Attendue de longue date, la fibre optique peine encore à se frayer un chemin jusqu'aux foyers français, en raison notamment de certaines divergences au niveau des choix technologiques et des contraintes liées à la mutualisation des équipements. Sur ce dernier point, la loi de modernisation de l'économie prévoyait jusqu'ici que les opérateurs soient tenus d'instaurer un point de mutualisation lors de leurs travaux, à l'extérieur de la propriété fibrée.
Ce cadre juridique est conservé, mais les prérogatives de l'Arcep lui permettent d'en modifier les limites. Dans l'avis rendu lundi, l'Autorité estime en effet que la mutualisation devra se faire à l'intérieur de l'immeuble dès que ce dernier est situé dans une zone « très dense » et abrite plus de 12 logements. 148 communes sont concernées, pour une couverture de quelque 5,16 millions de foyers.

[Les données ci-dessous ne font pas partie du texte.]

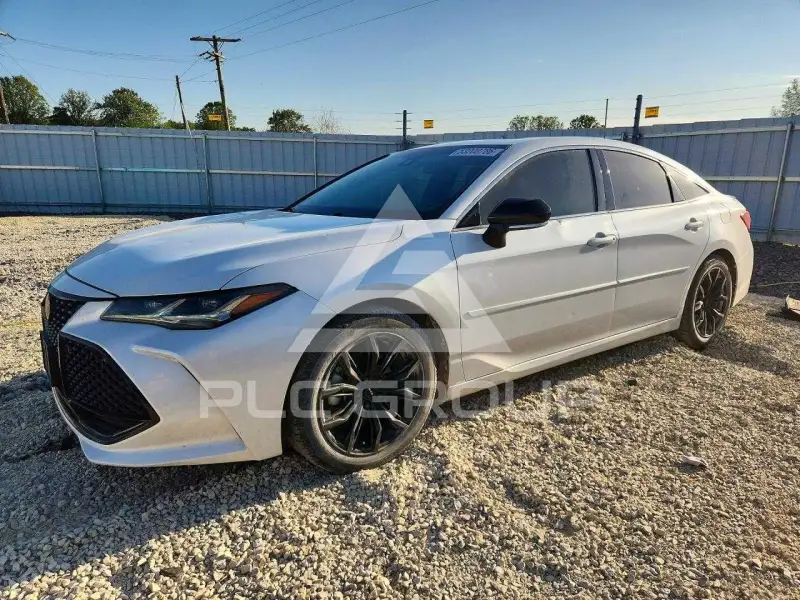 2020 Toyota AVALON photo
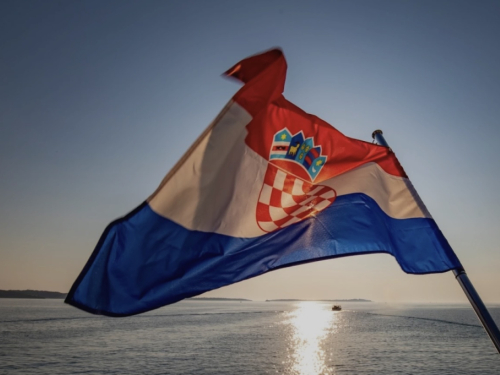 Hrvatska prvi put obilježava Dan hrvatske zastave
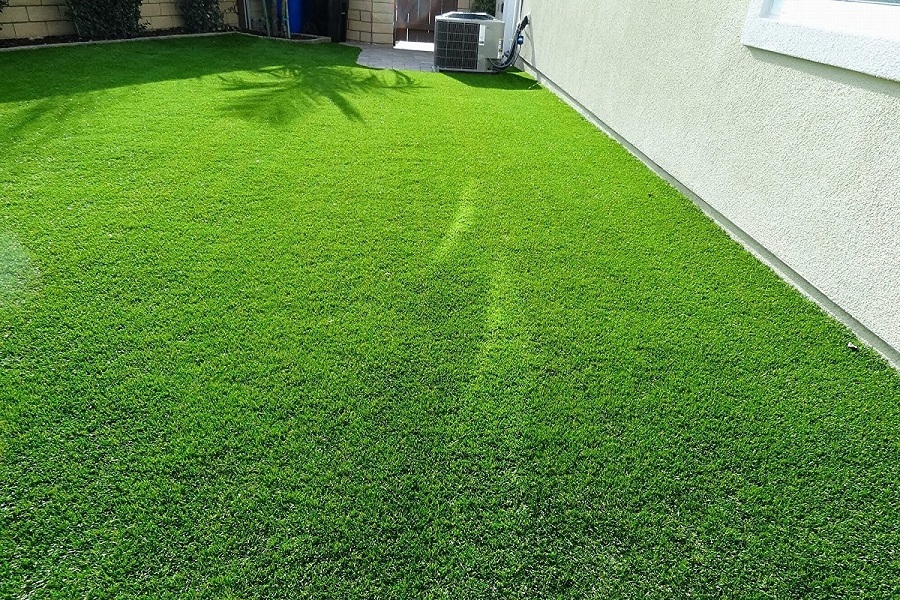 Synturfmats Synthetic Turf Artificial Grass Lawn in Backyard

L'Arcep ne s'arrête pas là, puisqu'elle pose les bases de la collaboration qui sera imposée aux FAI. Le premier à fibrer à un immeuble devra en effet installer une fibre dédiée supplémentaire pour chaque logement si l'un de ses concurrents en fait la demande et cofinance l'opération. Une idée jusqu'ici rejetée en bloc par France Télécom, au motif qu'elle augmente considérablement le coût de déploiement. Pour l'Arcep, le surcoût « peut être évalué à moins de 15 % du coût total de l'installation de la fibre dans l'immeuble, et à moins de 5% du coût total de déploiement de la fibre ».
Ainsi, l'Autorité estime parvenir à concilier les modèles de déploiement contradictoires mis en place par France Télécom et Free. Alors que le premier défend l'idée d'un réseau de type GPON, ou chaque fibre serait partagée entre plusieurs logements, le second milite pour la pose d'une fibre directe par foyer (modèle point à point). « L'Autorité ne cherche pas à imposer telle ou telle technologie, mais au contraire à favoriser leur coexistence, ce qui constitue un gage d'innovation et de concurrence pour le marché encore naissant du très haut débit ».
« C'est une bonne nouvelle pour le déploiement de la fibre et pour le maintien de la concurrence. C'est le bon sens qui l'emporte », a déclaré Maxime Lombardini, directeur général d'Iliad, à l'AFP suite à cette annonce.
Une consultation publique est maintenant ouverte pour un mois, jusqu'au 22 juillet. A partir de là, l'Arcep devrait faire valider sa démarche au niveau européen, avant de demander la publication du décret venant fixer les nouvelles règles, qui pourraient entrer en vigueur avant la fin de l'année. Aujourd'hui, seuls 40.000 foyers français sont aujourd'hui fibrés en FTTH (fibre jusqu'au domicile), contre 130.000 environ en FTTB (fibre jusqu'à l'immeuble), modèle défendu par Numericable.